Ein Komponist mit baskischer Seele
Maurice Ravel ist bekannt als einer der berühmtesten französischen Komponisten. Dabei wurde er im Baskenland geboren, an der Atlantikküste im beschaulichen Ciboure. Den Großteil seines Lebens verbrachte er entfernt von seinem Geburtsort, doch verlor er nie den Kontakt zu seinen Ursprüngen. Sein Leben lang fühlte er sich der baskischen Kultur, insbesondere der Liedkultur und dem Tanz eng verbunden. Auch in seinen musikalischen Werken sind einige baskische Referenzen zu finden.
Baskische Wurzeln
(11.11.2014) Ravels baskische Facette ist bei all seiner Berühmtheit wenig bekannt. Das Licht der Welt erblickte Maurice Ravel im März 1875 in der nordbaskischen Provinz Lapurdi (frz: Labourd), einem der drei nördlich der Pyrenäen liegenden baskischen Territorien, die in baskischer Sprache als Iparralde bekannt sind. Sein Vater war ein Ingenieur schweizer Herkunft, der beruflich unter den Folgen des Deutsch-Französischen Krieges litt. Seine Mutter war baskischen Ursprungs. Ravel hasste oberflächliche Umgangsformen, wie sie insbesondere in Künstlerkreisen verbreitet waren.
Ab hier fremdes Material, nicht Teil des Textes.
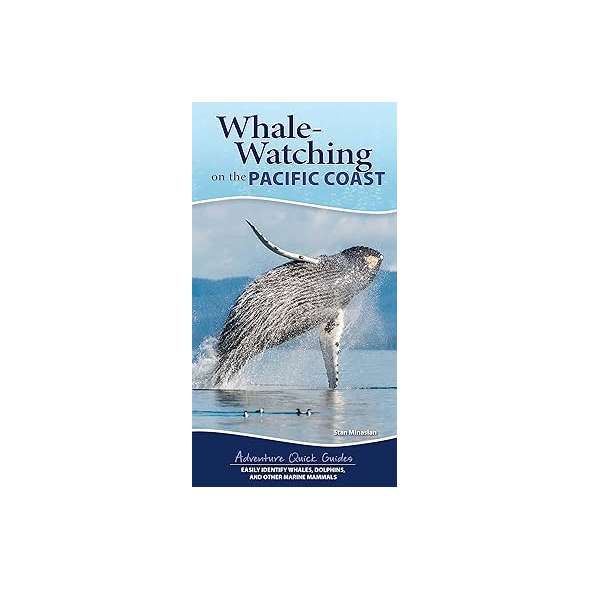 Whale-Watching - Book - Paracay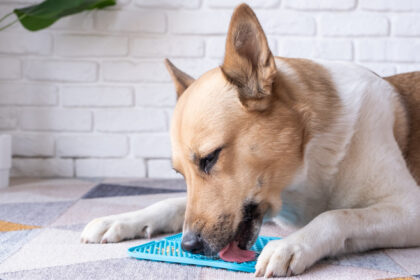 Sneaky Ways To Give Dogs Liquid Medicine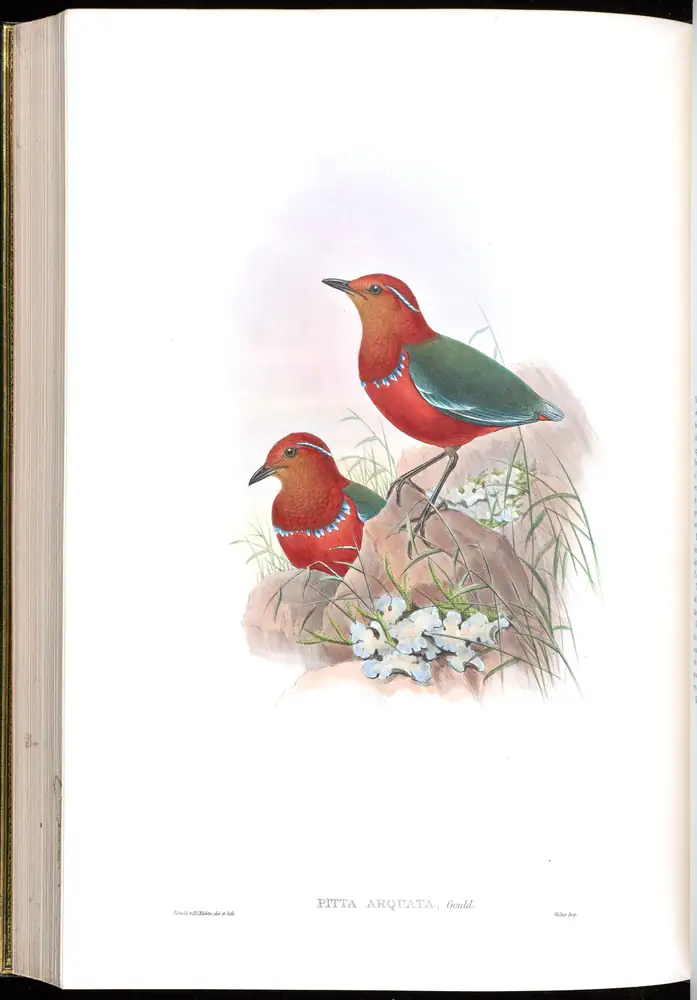 The whole sheet of volume V, plate 69, with its engraved caption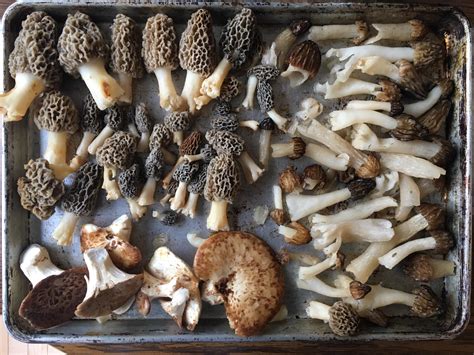 SE Michigan mushroom haul : r/mycology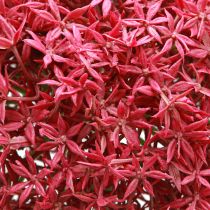 Artikel Allium in Bordeaux Künstlich Zierlauch Ø18cm L90cm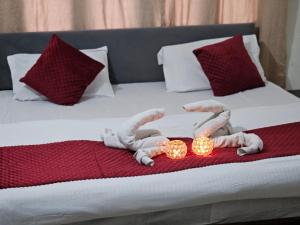 Hotel exotic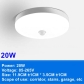 20W-Ceiling Light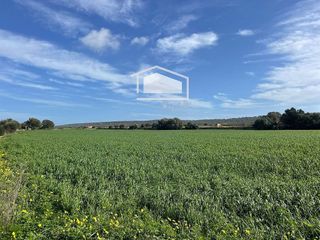 Terreno en venta en Campos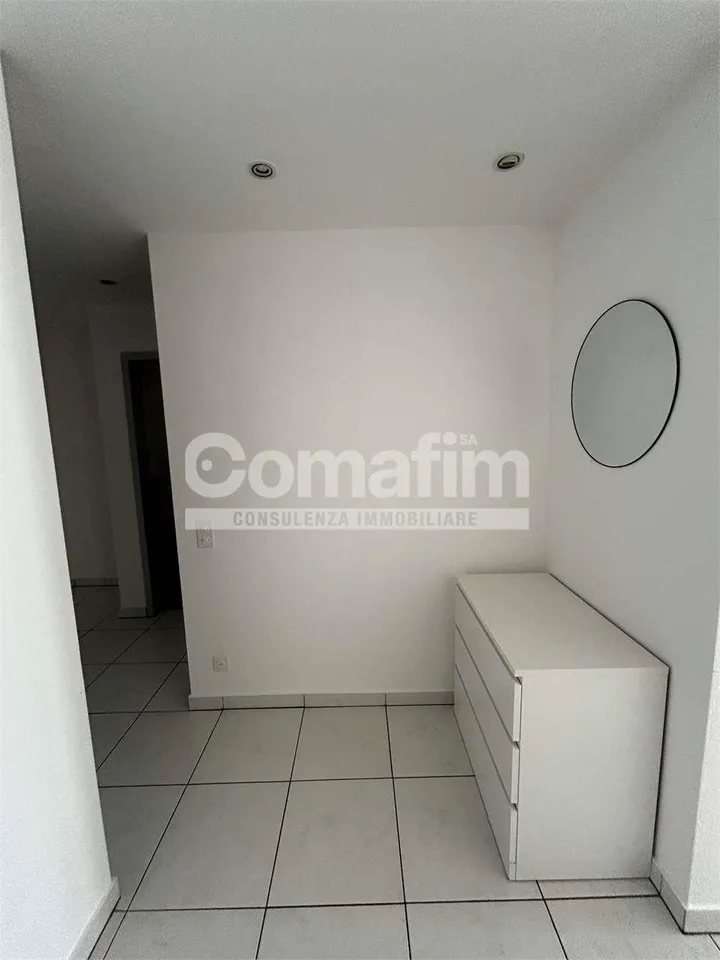 Stupendo 4.5 locali arredato con vista lago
Generell hatte er eigene Vorstellungen von Leben, Schaffen und sozialen Normen. Auch seine Kategorisierung als "französischer Musiker" gefiel ihm nicht. Maurice war noch kein Jahr alt, als seine Eltern nach Paris zogen. Dennoch hielt und pflegte er den Kontakt ins Baskenland, unter anderem bei unzähligen Besuchen. Für die innige Beziehung mit der baskischen Kultur zeichnete vor allem seine Mutter verantwortlich. Sie stammte aus einer alten baskischen Familie und sang ihm bereits an der Wiege baskische Kinderlieder vor. Bei den Aufenthalten in seiner Geburtsregion kam Ravel mit dem Euskara in Kontakt, er lernte baskische Kultur und Musik kennen und entwickelte dazu ein starkes emotionales und praktisches Verhältnis. (1) Auch wenn er fast sein ganzes Leben in Paris verbrachte, war er sich doch immer bewusst, dass seine Ursprünge andere waren. Das kommentierte er wiederholt in Interviews und engen Freundinnen gegenüber. Für die ihm eng verbundene Violinistin Helene Jourdane-Morhange waren Ravels Reserviertheit, seine Bescheidenheit und das innige Verhältnis zur Musik Zeichen seines baskischen Charakters. Musikalisch gesehen, lassen sich in seinem weltberühmten "Bolero" Klänge von Txistu und Tamboril erahnen. (2)
Musikalischer Werdegang
"Den ersten Klavierunterricht erhielt Ravel mit sieben Jahren. Die Idee, eine Laufbahn als Musiker anzustreben, kam früh und wurde von den Eltern unterstützt. Mit 13 erhielt er an einer privaten Musikschule Klavierunterricht und Unterweisung in Harmonielehre. Sein Lehrer Émile Descombes war Schüler bei Frédéric Chopin gewesen. 1888 lernte Ravel den Mitschüler Ricardo Viñes kennen, ein junges Pianistentalent aus Spanien. Zwischen beiden entwickelte sich eine tiefe Jugendfreundschaft, die ein Leben lang halten sollte. Am 4.November 1889 traten Ravel und Viñes zur Aufnahmeprüfung beim Pariser Konservatorium an. Viñes kam in die Klasse der Fortgeschrittenen, bei Ravel reichte es für die Vorbereitungsklasse. Lange Zeit spielte Ravel mit dem Gedanken, eine Pianistenlaufbahn einzuschlagen. Aber die Voraussetzungen dafür waren bei ihm nicht optimal. Wärme, Gefühl und Temperament wurden seinem Spiel zwar bescheinigt, die Bravour anderer Mitschüler erreichte er indessen nicht. Das schien sich auf seine Motivation auszuwirken: Ravel war der sprichwörtliche 'faule Hund'. Seine Lehrer nahmen es ihm übel; das schien seine Haltung nur noch weiter zu verstärken. 1893, 1894 und 1895 versagte er in den obligatorischen Zwischenprüfungen und musste die Meisterklasse wieder verlassen". (3) Damit sank sein Interesse, eine Karriere als Pianist zu machen. In späteren Zeiten benutzte er das Instrument nur noch, um eigene Kompositionen vorzutragen.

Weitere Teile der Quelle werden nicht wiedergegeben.